- DATA SECTION:
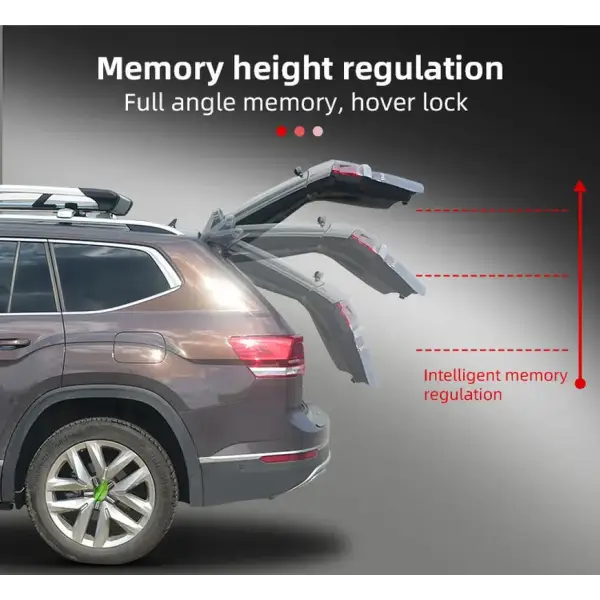 Car Adaptations Electric Tailgate for Vw Golf 8 2020 Automatic Power Liftgate Electric Lever Intelligent Control Bo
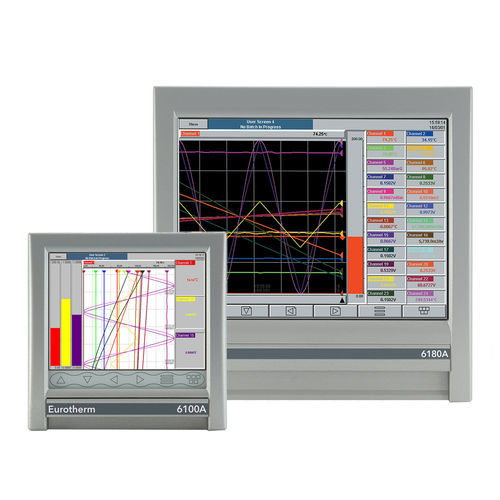 Papierloser Rekorder - Eurotherm® 6100A - Watlow Electric Manufacturing Company - universell / Zeit / Netzwerk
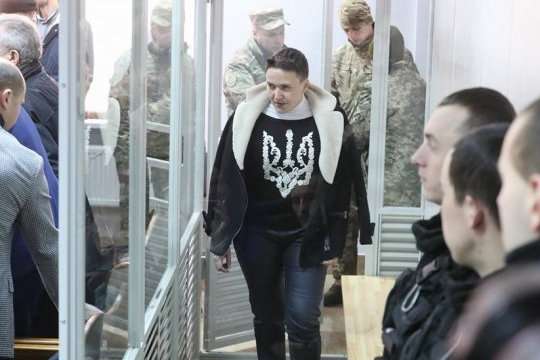 Справа Савченко: суд розгляне апеляцію 29 березня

- REQUIRED WORK: Could you set down the material above word for word while dropping its pictures?

- RESPONSE:
 Car Adaptations Electric Tailgate for Vw Golf 8 2020 Automatic Power Liftgate Electric Lever Intelligent Control Bo
 Papierloser Rekorder - Eurotherm® 6100A - Watlow Electric Manufacturing Company - universell / Zeit / Netzwerk
 Справа Савченко: суд розгляне апеляцію 29 березня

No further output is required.